■ What you need to do: Would you set down every entry shown below, precisely as written?

[[ Dataset entries, beginning ]]

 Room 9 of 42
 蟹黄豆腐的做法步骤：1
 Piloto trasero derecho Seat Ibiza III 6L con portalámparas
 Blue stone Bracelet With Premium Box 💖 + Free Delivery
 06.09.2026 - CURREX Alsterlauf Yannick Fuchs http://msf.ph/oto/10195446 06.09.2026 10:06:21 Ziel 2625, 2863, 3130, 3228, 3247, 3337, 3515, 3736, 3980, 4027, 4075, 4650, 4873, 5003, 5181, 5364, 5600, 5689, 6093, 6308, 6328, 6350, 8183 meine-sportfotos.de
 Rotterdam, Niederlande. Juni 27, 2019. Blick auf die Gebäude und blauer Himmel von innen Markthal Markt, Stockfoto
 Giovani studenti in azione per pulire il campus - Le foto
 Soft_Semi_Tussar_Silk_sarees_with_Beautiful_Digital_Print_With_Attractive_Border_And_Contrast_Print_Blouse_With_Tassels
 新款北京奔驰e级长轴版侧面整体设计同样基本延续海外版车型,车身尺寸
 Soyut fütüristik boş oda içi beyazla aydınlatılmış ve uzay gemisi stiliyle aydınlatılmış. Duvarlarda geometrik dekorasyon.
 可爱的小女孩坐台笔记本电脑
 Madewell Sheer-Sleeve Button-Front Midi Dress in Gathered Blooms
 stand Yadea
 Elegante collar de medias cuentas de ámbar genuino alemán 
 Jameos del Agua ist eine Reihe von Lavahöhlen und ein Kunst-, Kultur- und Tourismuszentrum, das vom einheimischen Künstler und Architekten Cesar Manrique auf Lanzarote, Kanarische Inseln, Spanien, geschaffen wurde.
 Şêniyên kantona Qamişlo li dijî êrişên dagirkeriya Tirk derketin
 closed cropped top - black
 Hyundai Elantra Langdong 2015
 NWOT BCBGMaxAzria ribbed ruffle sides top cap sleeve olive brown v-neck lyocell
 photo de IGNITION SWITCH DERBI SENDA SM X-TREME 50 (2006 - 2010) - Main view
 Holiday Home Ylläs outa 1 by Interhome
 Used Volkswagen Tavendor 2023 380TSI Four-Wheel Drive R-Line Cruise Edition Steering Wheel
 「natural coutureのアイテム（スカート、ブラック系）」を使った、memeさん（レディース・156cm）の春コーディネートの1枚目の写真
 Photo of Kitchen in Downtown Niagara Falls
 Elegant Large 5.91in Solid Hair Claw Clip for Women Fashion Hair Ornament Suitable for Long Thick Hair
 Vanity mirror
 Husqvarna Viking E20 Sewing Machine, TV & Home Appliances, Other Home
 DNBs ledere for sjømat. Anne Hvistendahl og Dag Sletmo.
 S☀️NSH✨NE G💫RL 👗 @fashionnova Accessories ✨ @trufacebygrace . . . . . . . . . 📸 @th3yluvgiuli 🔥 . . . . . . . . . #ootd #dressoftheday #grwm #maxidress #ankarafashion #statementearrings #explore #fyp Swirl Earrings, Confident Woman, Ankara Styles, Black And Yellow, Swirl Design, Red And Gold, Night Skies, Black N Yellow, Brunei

[[ Dataset entries, end ]]

■ Written answer:
 Room 9 of 42
 蟹黄豆腐的做法步骤：1
 Piloto trasero derecho Seat Ibiza III 6L con portalámparas
 Blue stone Bracelet With Premium Box 💖 + Free Delivery
 06.09.2026 - CURREX Alsterlauf Yannick Fuchs http://msf.ph/oto/10195446 06.09.2026 10:06:21 Ziel 2625, 2863, 3130, 3228, 3247, 3337, 3515, 3736, 3980, 4027, 4075, 4650, 4873, 5003, 5181, 5364, 5600, 5689, 6093, 6308, 6328, 6350, 8183 meine-sportfotos.de
 Rotterdam, Niederlande. Juni 27, 2019. Blick auf die Gebäude und blauer Himmel von innen Markthal Markt, Stockfoto
 Giovani studenti in azione per pulire il campus - Le foto
 Soft_Semi_Tussar_Silk_sarees_with_Beautiful_Digital_Print_With_Attractive_Border_And_Contrast_Print_Blouse_With_Tassels
 新款北京奔驰e级长轴版侧面整体设计同样基本延续海外版车型,车身尺寸
 Soyut fütüristik boş oda içi beyazla aydınlatılmış ve uzay gemisi stiliyle aydınlatılmış. Duvarlarda geometrik dekorasyon.
 可爱的小女孩坐台笔记本电脑
 Madewell Sheer-Sleeve Button-Front Midi Dress in Gathered Blooms
 stand Yadea
 Elegante collar de medias cuentas de ámbar genuino alemán 
 Jameos del Agua ist eine Reihe von Lavahöhlen und ein Kunst-, Kultur- und Tourismuszentrum, das vom einheimischen Künstler und Architekten Cesar Manrique auf Lanzarote, Kanarische Inseln, Spanien, geschaffen wurde.
 Şêniyên kantona Qamişlo li dijî êrişên dagirkeriya Tirk derketin
 closed cropped top - black
 Hyundai Elantra Langdong 2015
 NWOT BCBGMaxAzria ribbed ruffle sides top cap sleeve olive brown v-neck lyocell
 photo de IGNITION SWITCH DERBI SENDA SM X-TREME 50 (2006 - 2010) - Main view
 Holiday Home Ylläs outa 1 by Interhome
 Used Volkswagen Tavendor 2023 380TSI Four-Wheel Drive R-Line Cruise Edition Steering Wheel
 「natural coutureのアイテム（スカート、ブラック系）」を使った、memeさん（レディース・156cm）の春コーディネートの1枚目の写真
 Photo of Kitchen in Downtown Niagara Falls
 Elegant Large 5.91in Solid Hair Claw Clip for Women Fashion Hair Ornament Suitable for Long Thick Hair
 Vanity mirror
 Husqvarna Viking E20 Sewing Machine, TV & Home Appliances, Other Home
 DNBs ledere for sjømat. Anne Hvistendahl og Dag Sletmo.
 S☀️NSH✨NE G💫RL 👗 @fashionnova Accessories ✨ @trufacebygrace . . . . . . . . . 📸 @th3yluvgiuli 🔥 . . . . . . . . . #ootd #dressoftheday #grwm #maxidress #ankarafashion #statementearrings #explore #fyp Swirl Earrings, Confident Woman, Ankara Styles, Black And Yellow, Swirl Design, Red And Gold, Night Skies, Black N Yellow, Brunei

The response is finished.